Questa rubrica si era occupata del caso dell’imprenditrice agricola di Laureana di Borrello Maria Chindamo, a giugno del 2016, quasi un mese dopo la sua scomparsa avvenuta in circostanze misteriose il 6 maggio 2016. La donna esce di casa per recarsi a Limbadi dove sono ubicati alcuni terreni di sua proprietà, ma farà più ritorno a casa. Sono trascorsi oltre tre anni e di quel giorno restano le immagini della sua auto, ritrovata ancora con il motore acceso e tracce di sangue nella sua vettura. Segni tangibili che c’è stata una colluttazione e che dei “balordi” l’hanno portata via con la forza, e aggiungo anche, vigliacchi, visto che si trattava di una donna solo e indifesa. Ed è per tali motivi che su Maria Chindamo, si teme il drammatico epilogo, dove ahimè, c’è l’attesa per una conferma e di conseguenza il ritrovamento del corpo della donna. L’anno prima il marito Ferdinando si era suicidato perché era stato lasciato dalla donna e non accettava la fine della relazione.
Ieri sera la trasmissione televisiva “Chi l’ha visto?”, è tornata nuovamente ad occuparsi del caso, e l’ha fatto rileggendo quella lettera anonima formata da ventiquattro righe e spedita alla Procura della Repubblica di Vibo ed a l’avvocato Nicodemo Gentile, uno dei legali di Maria Chindamo.
Già nel marzo del 2019 come aveva riferito il settimanale specializzato “Giallo”, aveva dato notizia che c’erano almeno tre persone indagate, tra cui il cognato della donna con accuse pesanti che andavano dal sequestro di persona all’occultamento di cadavere. E che in quei giorni c’era la notizia di quella lettera anonima in cui venivano descritte alcune persone che avrebbero avuto un ruolo nella drammatica vicenda e il luogo in cui scavare per il ritrovamento del corpo. Ricerche che nei fatti non hanno avuto alcun esito.
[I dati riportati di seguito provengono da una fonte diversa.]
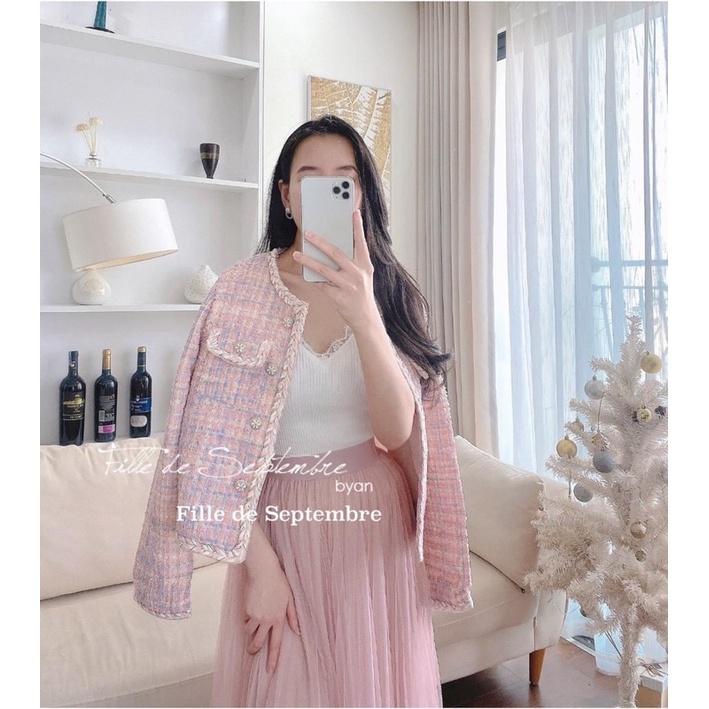 Áo khoác dạ tweed hồng khuy hoa hàng qc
Ieri sera la trasmissione della Sciarelli si è occupata nuovamente del caso di Maria Chindamo e della lettera anonima resa nota dal settimanale “Giallo” in cui vengono descritti alcuni particolari come, “Scrivere una lettera anonima non significa (come dice la Sciarelli), non avere coraggio ma significa essere consapevoli di poter trovare dall’altra parte chi legge, persone come la Sciarelli. E poi, “Chi l’ha uccisa sono persone del posto, le stesse che hanno tormentato il marito, le stesse persone che frequentavano la proprietà della famiglia”. “Era tutto organizzato. Avevano una copia della chiave del cancello della proprietà. Era tutto organizzato anche la messinscena. Conoscevano la proprietà di fronte, le sue abitudini e quello che dovevano fare quel giorno”.
Secondo il fratello in studio dalla Sciarelli quel foglio è “attendibile a sufficienza” e magari “scritto da qualcuno a lei vicino”.
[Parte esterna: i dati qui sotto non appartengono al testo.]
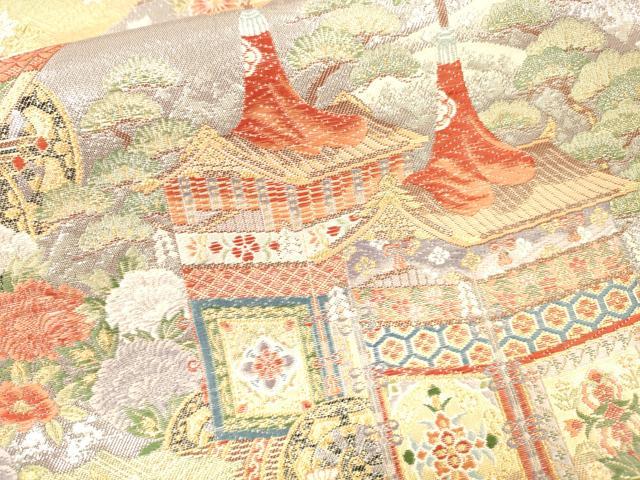 平和屋着物▼六通柄袋帯 唐織 祭礼競艶文 金銀糸 正絹 逸品 未使用 DABJ7655fe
Sembra assurdo, “medievale” che una donna che ha deciso di intraprendere una “strada di libertà” sia lavorativa che sentimentale, debba pagare con la vita e soprattutto oltraggiata in morte, visto che se fosse davvero morta, non ha diritto a una degna sepoltura. La storia di Maria Chindamo dovrebbe farci riflettere su quanto possa essere dura la realtà in alcuni contesti, gli stessi che in Calabria ancora sono vivi e vegeti come concetto di “onore”, ma che poi di questa parola tanti si riempiono la bocca, ma nessuno realmente conosce il nobile significato. Che non è quello della criminalità organizzata né dei vigliacchi che hanno sequestrato e forse ucciso Maria Chindamo sol perché ha deciso della sua sacrosanta libertà. È una storia a tinte fosche, piena di ombre, ma soprattutto assurda. Per non dire drammatica e torturante, specie per i familiari, per i figli che giovanissimi si ritrovano in un anno senza padre e poi la madre.
Ho conosciuto questa storia in maniera approfondita seguendo i pezzi della brava Angela Corica, così come altri episodi simili, in quanto i “gialli” non mi appassionano tanto. Ma questa volta è dovere di ognuno farsi portavoce all’appello che la Sciarelli, concludendo il servizio su Maria, ha fatto allo scrivente anonimo, “Dicci qualcosa di più, aiutaci a ritrovarla”.